Perkara tersebut kini bergulir di Pengadilan Negeri (PN) Poso dengan agenda sidang eksepsi. Kuasa hukum terdakwa, Yusrin Ichtiawan, menilai kasus ini sebagai bentuk kriminalisasi terhadap masyarakat kecil.

“Klien saya hanya menuntut hak bagi hasil sesuai kesepakatan. Alih-alih mendapat keadilan, dia malah dipenjara.
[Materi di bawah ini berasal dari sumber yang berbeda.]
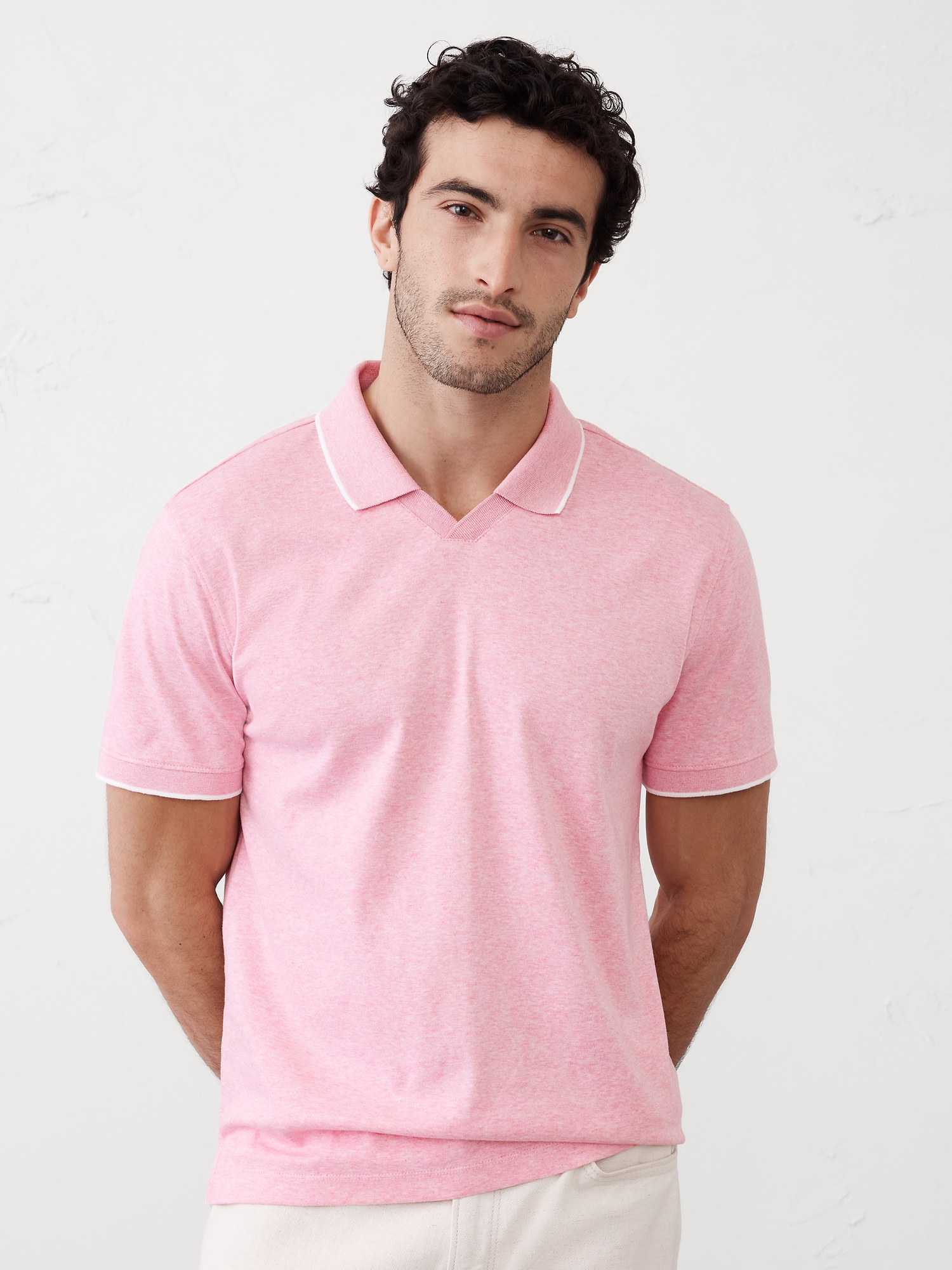 Luxe Touch Polo - Pink Heather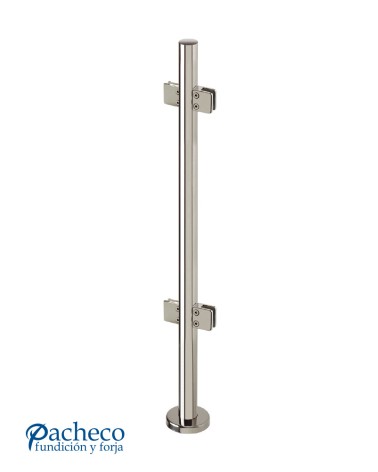 Poste Redondo 43 mm de Acero Inoxidable 316 Brillo y Satinado con Pinzas Cuadradas para Cristal a 180º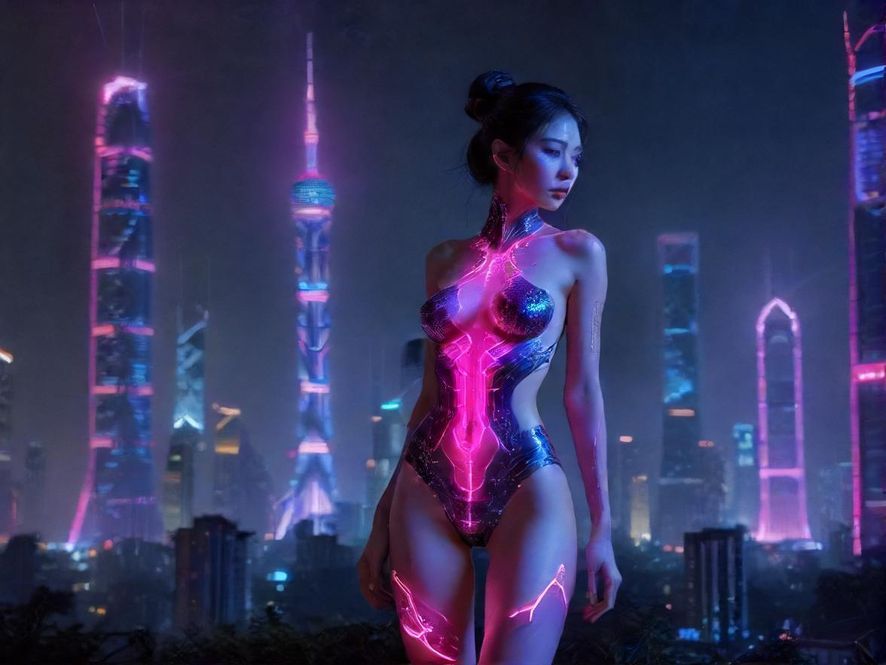 广州夜景抽象描绘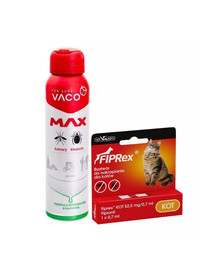 VET-AGRO FIPREX SPOT ON kot 1 szt. + VACO Spray MAX na komary, kleszcze, meszki z PANTHENOLEM 100 ml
Fakta ini akan kami buktikan di persidangan,” kata Yusrin di Poso, Kamis (11/9/2025).

Yusrin menjelaskan, kasus bermula pada 2010 ketika Jemi memperoleh lahan 15 hektare dari kakek istrinya di Desa Peleru, Kabupaten Morowali Utara, yang kemudian dikembangkan hingga 30 hektare. Pada 2014, PT Nusamas Griya Lestari (NGL) masuk dan menggusur tanaman tanpa izin. Setelah protes, perusahaan membuat kesepakatan bagi hasil 70/30 di Tahun 2016.

Namun, menurut kuasa hukum lainnya, Hidayat Hasan, pembayaran yang diterima Jemi sangat minim, hanya ratusan ribu rupiah per tahun dan dihitung sebatas 1 hektare. Sejak 2021, pembayaran bahkan terhenti, hingga 2025 baru diterima sebagian.

Merasa dirugikan, Jemi memanen sawit dari lahannya sendiri. Aksi itu justru berujung laporan polisi oleh PT NGL. Ia dituduh mencuri 4,8 ton sawit dan ditahan sejak Mei 2025, kini berstatus terdakwa.

“Sangat ironis, petani memanen hasil di tanahnya sendiri tapi dilaporkan sebagai pencuri. Perkara ini seharusnya masuk ranah perdata, bukan pidana,” ujar Hidayat.

Ia juga menyoroti penerbitan Hak Guna Usaha (HGU) perusahaan di atas lahan plasma yang statusnya belum tuntas.